Voorstel voor een verordening

Overweging 11 bis (nieuw)

Door de Commissie voorgestelde tekst

Amendement

 

(11 bis)  De Commissie moet, na de ervaringen met de calculator om het energieverbruik van voertuigen te berekenen (VECTO) in kaart te hebben gebracht, met wetgevingsvoorstellen komen om de emissies van zware bedrijfsvoertuigen onder reële rijomstandigheden te testen.

Amendement    14

Voorstel voor een verordening

Overweging 13

Door de Commissie voorgestelde tekst

Amendement

(13)  Om voor gelijkvormige voorwaarden voor de uitvoering van de in deze verordening vastgestelde bepalingen inzake de verificatie en correctie van de gecontroleerde data te zorgen, moeten de uitvoeringsbevoegdheden aan de Commissie worden toegekend. Die bevoegdheden moeten worden uitgeoefend in overeenstemming met Verordening (EU) nr. 182/2011 van het Europees Parlement en de Raad.

Schrappen

Motivering

Het is cruciaal dat de Commissie beschikt over de passende middelen, procedures en maatregelen voor de uitvoering van haar taak om de kwaliteit van de gemonitorde en gerapporteerde gegevens te controleren en te corrigeren. Die maatregelen moeten dan ook worden vastgesteld met behulp van gedelegeerde handelingen.

Amendement    15

Voorstel voor een verordening

Overweging 14

Door de Commissie voorgestelde tekst

Amendement

(14)  Om ervoor te zorgen dat de gegevensvereisten en de monitoring- en rapporteringsprocedures ook op langere termijn relevant blijven om te bepalen welk aandeel van de totale uitstoot van CO2 is toe te schrijven aan het zwarevoertuigenpark, en om de beschikbaarheid van gegevens over nieuwe en geavanceerde CO2-beperkende technologieën te garanderen, moet aan de Commissie de bevoegdheid worden gedelegeerd om overeenkomstig artikel 290 van het Verdrag betreffende de werking van de Europese Unie handelingen vast te stellen tot wijziging van de in de bijlagen vastgestelde gegevensvereisten en monitoring- en rapporteringsprocedures.

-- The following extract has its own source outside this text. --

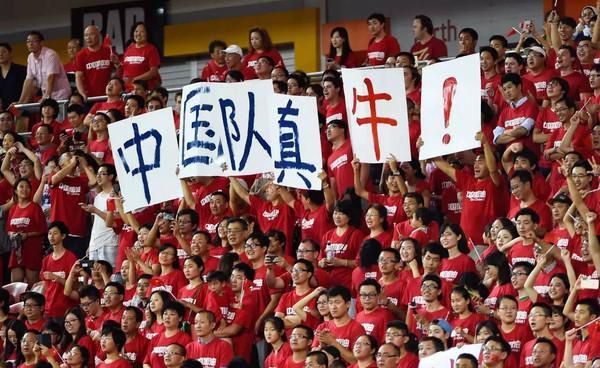 今日焦点战预告16:45 澳超赛场 悉尼FC VS 惠灵顿凤凰 惠灵顿凤凰强势出击能否在客场全身而退？01:30 意甲赛事 那不勒斯 VS 蒙扎 那不勒斯欲在主场迎来反弹重返欧战区!02:45 葡超赛场 本菲卡 VS 法马利卡奥 本菲卡对榜首之位虎视眈眈，法马利卡奥客场之旅恐难以全身而退？03:45 意甲赛事 热那亚 VS 国际米兰 国米已连续多场赛事保持不败，火“热”势头欲继续延续？ 事件那不勒斯后卫纳坦肩膀脱臼，马扎里：队医说他将缺席一个半月那不勒斯主帅马扎里称，后卫纳坦因肩膀脱臼将缺席一个半月时间。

Het is van bijzonder belang dat de Commissie bij haar voorbereidende werkzaamheden tot passende raadplegingen overgaat, onder meer op deskundigenniveau, en dat die raadplegingen gebeuren in overeenstemming met de beginselen die zijn vastgelegd in het Interinstitutioneel Akkoord over beter wetgeven van 13 april 2016. Met name om te zorgen voor gelijke deelname aan de voorbereiding van gedelegeerde handelingen ontvangen het Europees Parlement en de Raad alle documenten op hetzelfde tijdstip als de deskundigen van de lidstaten, en hebben hun deskundigen systematisch toegang tot de vergaderingen van de deskundigengroepen van de Commissie die zich bezighouden met de voorbereiding van de gedelegeerde handelingen.

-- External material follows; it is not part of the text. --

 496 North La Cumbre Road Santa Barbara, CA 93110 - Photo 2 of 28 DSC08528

(14)  Om ervoor te zorgen dat de gegevensvereisten en de monitoring- en rapporteringsprocedures ook op langere termijn relevant blijven om te bepalen welk aandeel van de totale uitstoot van CO2 is toe te schrijven aan het zwarevoertuigenpark, en om de beschikbaarheid van gegevens over nieuwe en geavanceerde CO2-beperkende technologieën te garanderen en de passende controle en correctie van de gemonitorde en gerapporteerde gegevens te garanderen, moet aan de Commissie de bevoegdheid worden gedelegeerd om overeenkomstig artikel 290 van het Verdrag betreffende de werking van de Europese Unie handelingen vast te stellen tot wijziging van de in de bijlagen vastgestelde gegevensvereisten en monitoring- en rapporteringsprocedures. Het is van bijzonder belang dat de Commissie bij haar voorbereidende werkzaamheden tot passende raadplegingen overgaat, onder meer op deskundigenniveau, en dat die raadplegingen gebeuren in overeenstemming met de beginselen die zijn vastgelegd in het Interinstitutioneel Akkoord over beter wetgeven van 13 april 2016. Met name om te zorgen voor gelijke deelname aan de voorbereiding van gedelegeerde handelingen ontvangen het Europees Parlement en de Raad alle documenten op hetzelfde tijdstip als de deskundigen van de lidstaten, en hebben hun deskundigen systematisch toegang tot de vergaderingen van de deskundigengroepen van de Commissie die zich bezighouden met de voorbereiding van de gedelegeerde handelingen.

Motivering

Het is cruciaal dat de Commissie beschikt over de passende middelen, procedures en maatregelen voor de uitvoering van haar taak om de kwaliteit van de gemonitorde en gerapporteerde gegevens te controleren en te corrigeren. Die maatregelen moeten dan ook worden vastgesteld met behulp van gedelegeerde handelingen.

Amendement    16

Voorstel voor een verordening

Artikel 6 – titel

Door de Commissie voorgestelde tekst

Amendement

Centraal register voor gegevens over zware bedrijfsvoertuigen

Centrale databank voor gegevens over zware bedrijfsvoertuigen

Amendement    17

Voorstel voor een verordening

Artikel 6 – lid 1

Door de Commissie voorgestelde tekst

Amendement

1.  De Commissie houdt een centraal register bij voor de overeenkomstig de artikelen 4 en 5 gerapporteerde gegevens. Het register wordt openbaar gemaakt, met uitzondering van de gegevens van de velden 1, 24, 25, 32, 33, 39 en 40 als gespecificeerd in deel B van bijlage I.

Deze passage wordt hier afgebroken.